• EXERCISE GOAL:
Leave out the images and repeat the listing below without a single change.

• DATA EXTRACT:
===============
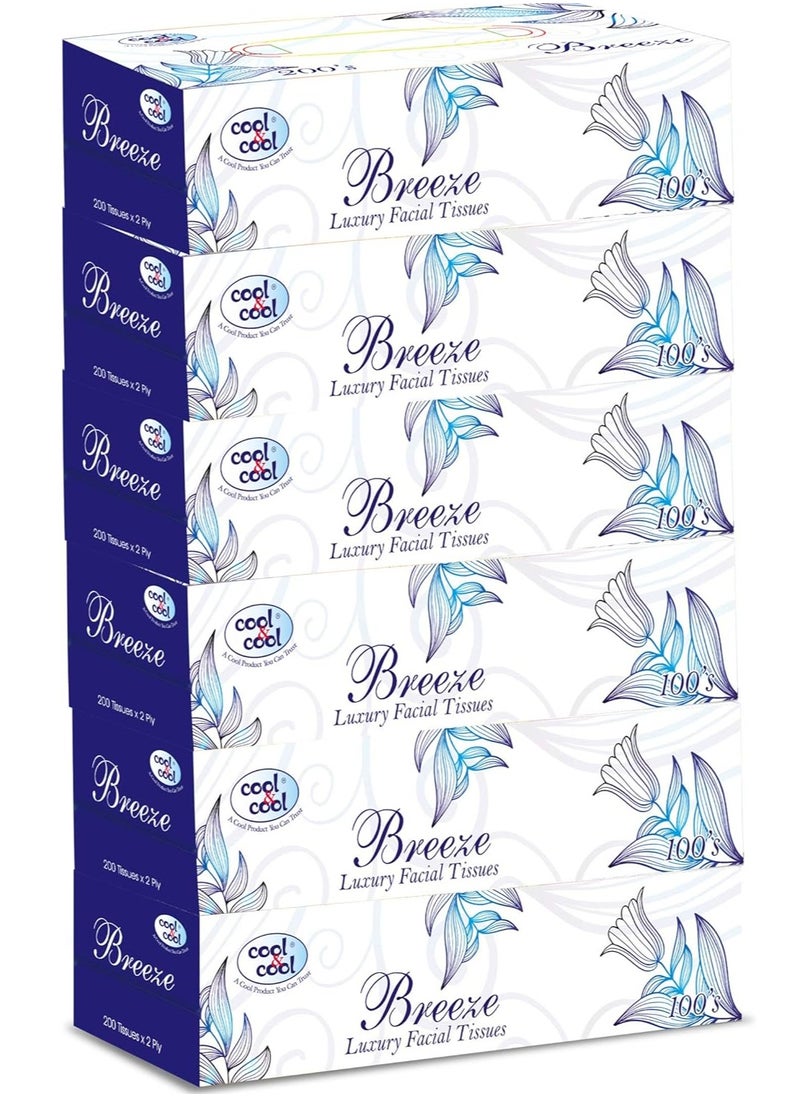 Cool & Cool Cool & Cool Breeze Facial Tissues 100's 2Ply (Pack of 6) - Soft, Soothing, and Convenient Box Pack for Refreshing Comfort 600's  - Image 1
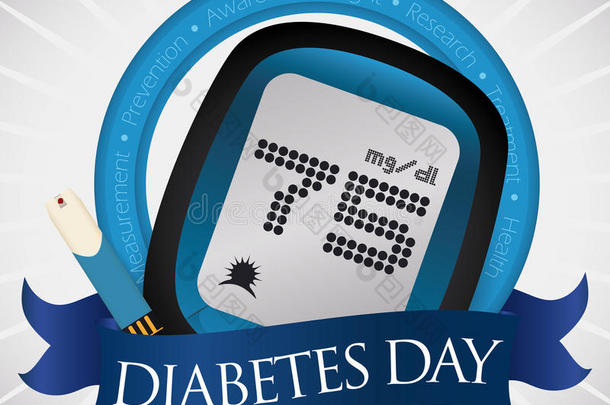 电子血糖仪和试纸纪念世界<strong>糖尿病日</strong>，矢量插图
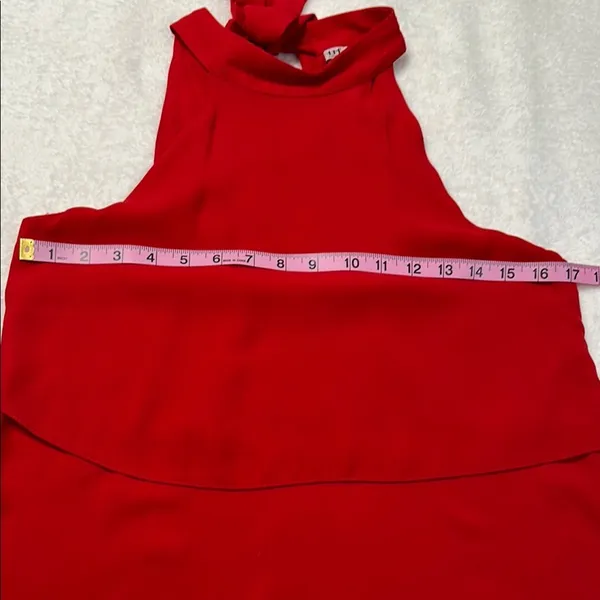 Zara TRF Collection Red Ruffle Sleeveless Halter Top Tied on Back in Size XS - Image 7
===============
• OUTPUT OF THE EXERCISE:
 Cool & Cool Cool & Cool Breeze Facial Tissues 100's 2Ply (Pack of 6) - Soft, Soothing, and Convenient Box Pack for Refreshing Comfort 600's  - Image 1
 电子血糖仪和试纸纪念世界<strong>糖尿病日</strong>，矢量插图
 Zara TRF Collection Red Ruffle Sleeveless Halter Top Tied on Back in Size XS - Image 7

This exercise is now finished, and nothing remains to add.